Problem details:
From the entries below, say how many lines carry the word "Book", and give nothing but the number.

Excerpted data:
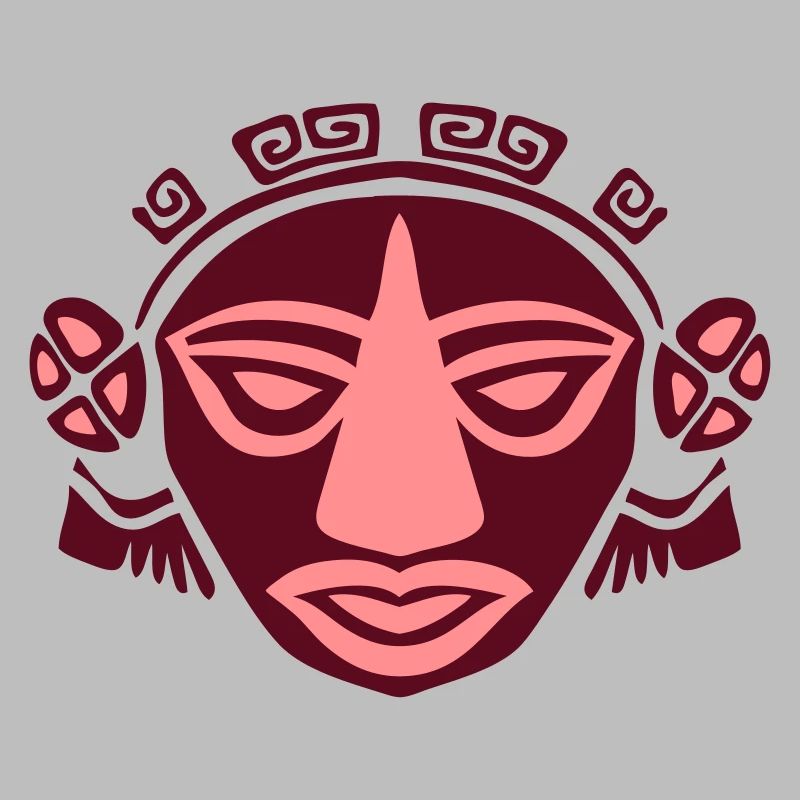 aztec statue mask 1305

...

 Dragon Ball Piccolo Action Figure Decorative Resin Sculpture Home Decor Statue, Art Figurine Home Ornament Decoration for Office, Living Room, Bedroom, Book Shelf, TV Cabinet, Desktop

---

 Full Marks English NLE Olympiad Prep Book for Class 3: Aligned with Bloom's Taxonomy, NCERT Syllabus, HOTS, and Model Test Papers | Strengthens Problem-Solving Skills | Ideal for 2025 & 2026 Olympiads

Written reply:
2